= What to do =
Your answer should hold exactly the lines below from the line with "used 2020 Toyota" through the line with "Silong Kainang Pinoy", both included, and no pictures at all.

Segment Start: Data supplied

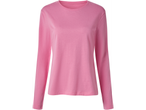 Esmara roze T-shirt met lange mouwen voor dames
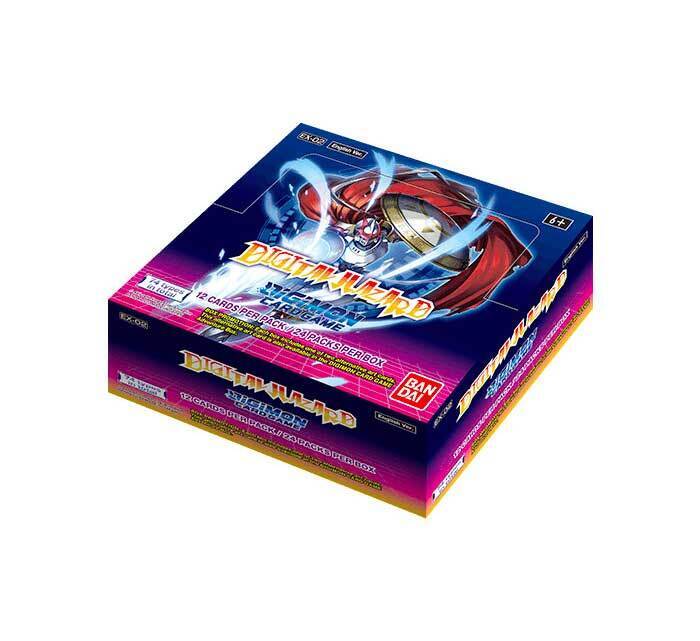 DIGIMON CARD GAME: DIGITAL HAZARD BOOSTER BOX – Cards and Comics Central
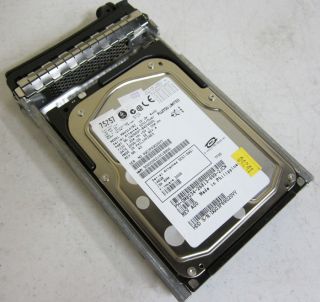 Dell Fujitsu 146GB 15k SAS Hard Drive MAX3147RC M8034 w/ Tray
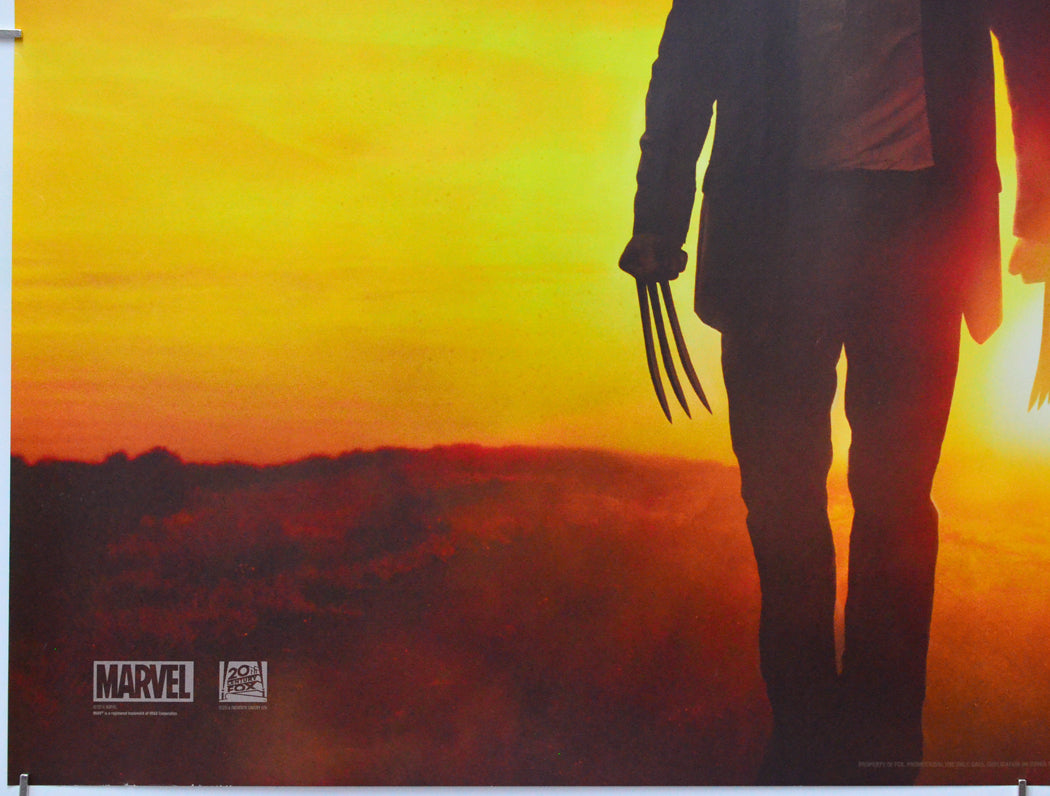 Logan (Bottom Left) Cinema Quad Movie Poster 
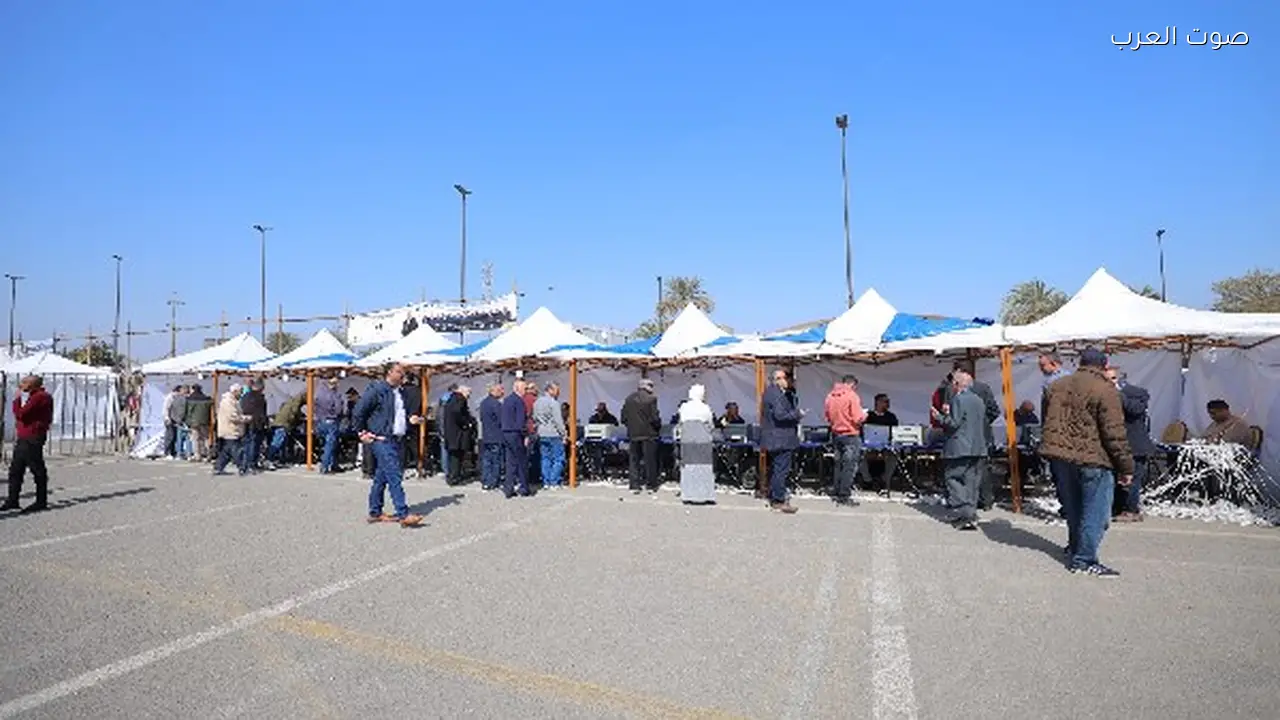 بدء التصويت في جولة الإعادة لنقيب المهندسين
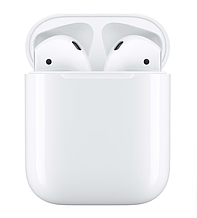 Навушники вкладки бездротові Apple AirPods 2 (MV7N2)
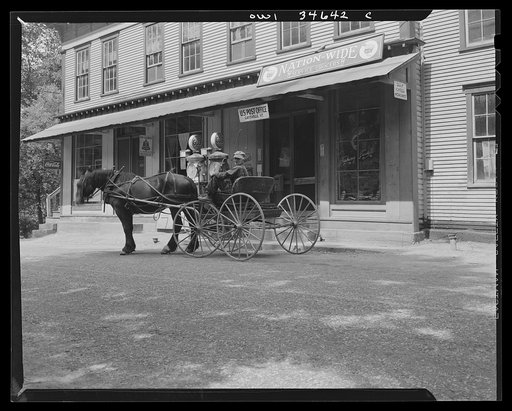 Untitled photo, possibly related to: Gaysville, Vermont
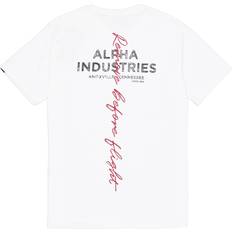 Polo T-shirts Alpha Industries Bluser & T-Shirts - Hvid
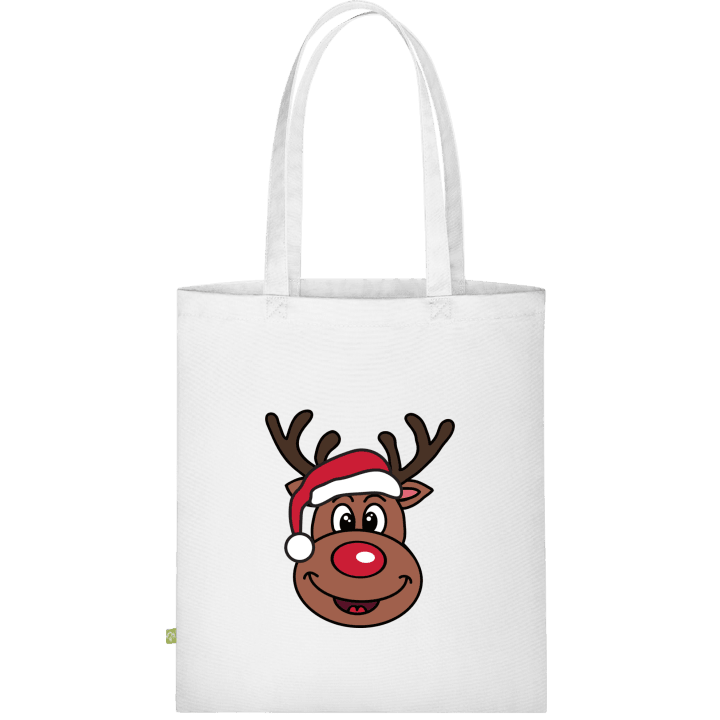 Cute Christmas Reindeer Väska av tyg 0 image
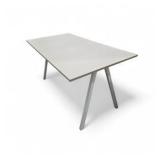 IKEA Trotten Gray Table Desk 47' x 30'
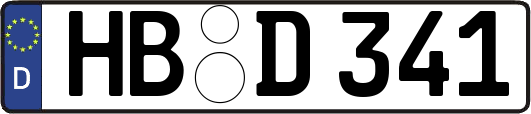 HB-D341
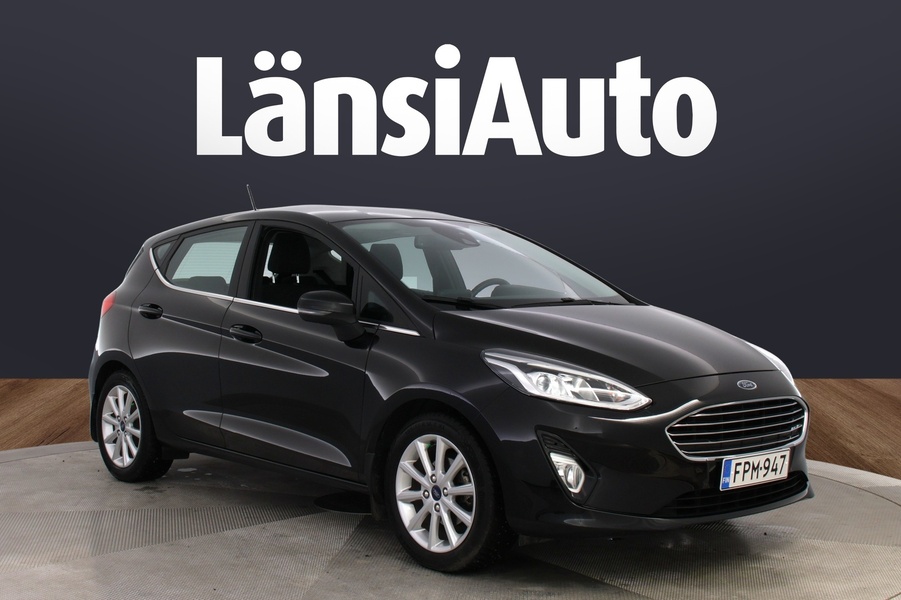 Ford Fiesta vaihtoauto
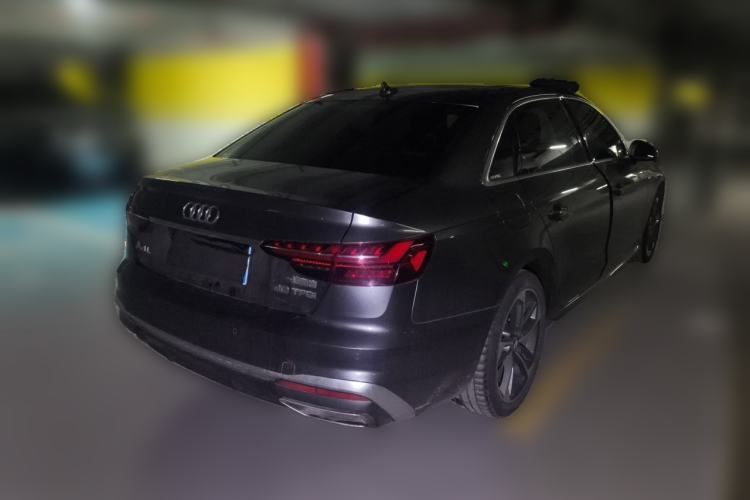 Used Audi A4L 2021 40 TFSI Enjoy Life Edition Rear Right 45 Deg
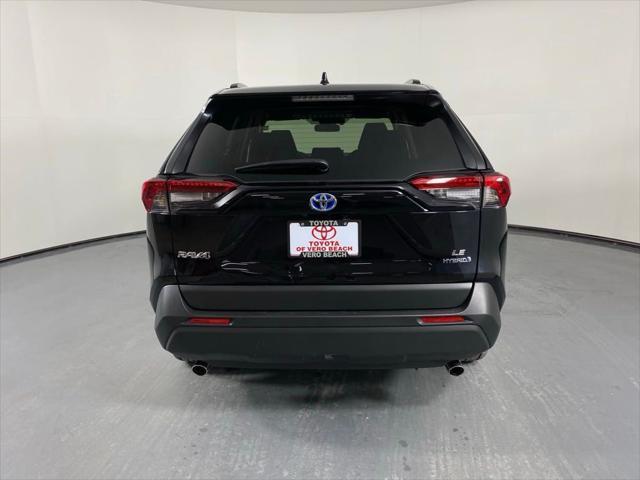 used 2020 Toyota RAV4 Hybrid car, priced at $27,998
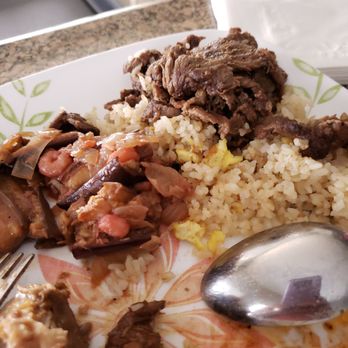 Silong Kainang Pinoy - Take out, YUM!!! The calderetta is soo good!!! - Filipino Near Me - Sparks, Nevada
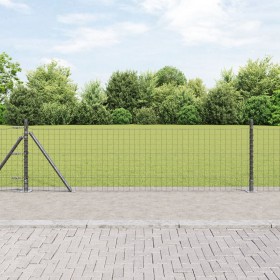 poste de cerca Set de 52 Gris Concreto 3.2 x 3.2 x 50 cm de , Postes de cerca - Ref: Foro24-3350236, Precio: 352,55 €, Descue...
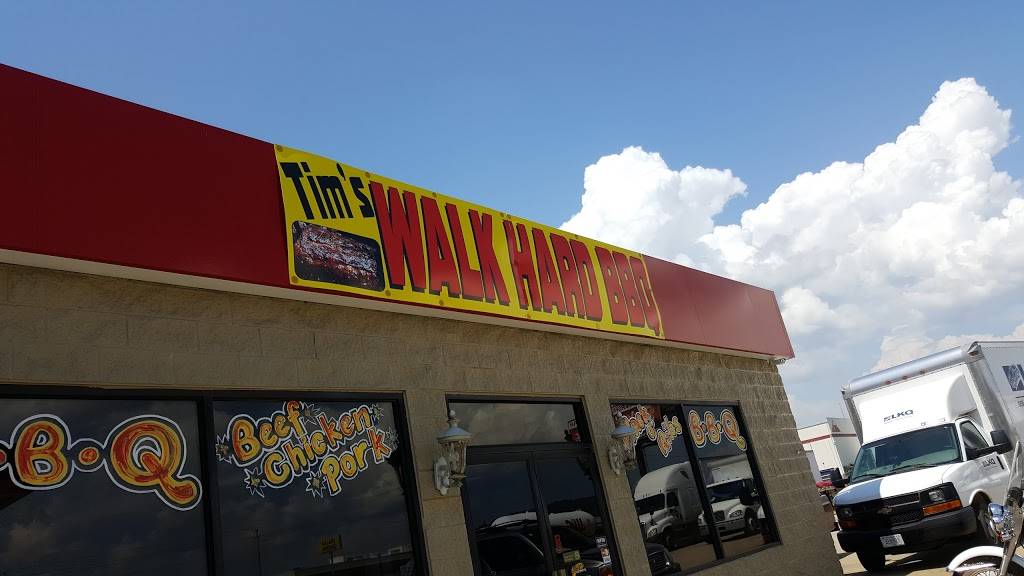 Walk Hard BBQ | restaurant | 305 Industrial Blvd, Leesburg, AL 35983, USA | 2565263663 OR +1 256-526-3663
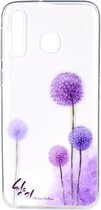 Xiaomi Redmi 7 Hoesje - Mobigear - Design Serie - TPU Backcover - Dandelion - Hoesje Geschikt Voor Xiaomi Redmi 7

Segment End: Data supplied

= Answer space =
 used 2020 Toyota RAV4 Hybrid car, priced at $27,998
 Silong Kainang Pinoy - Take out, YUM!!! The calderetta is soo good!!! - Filipino Near Me - Sparks, Nevada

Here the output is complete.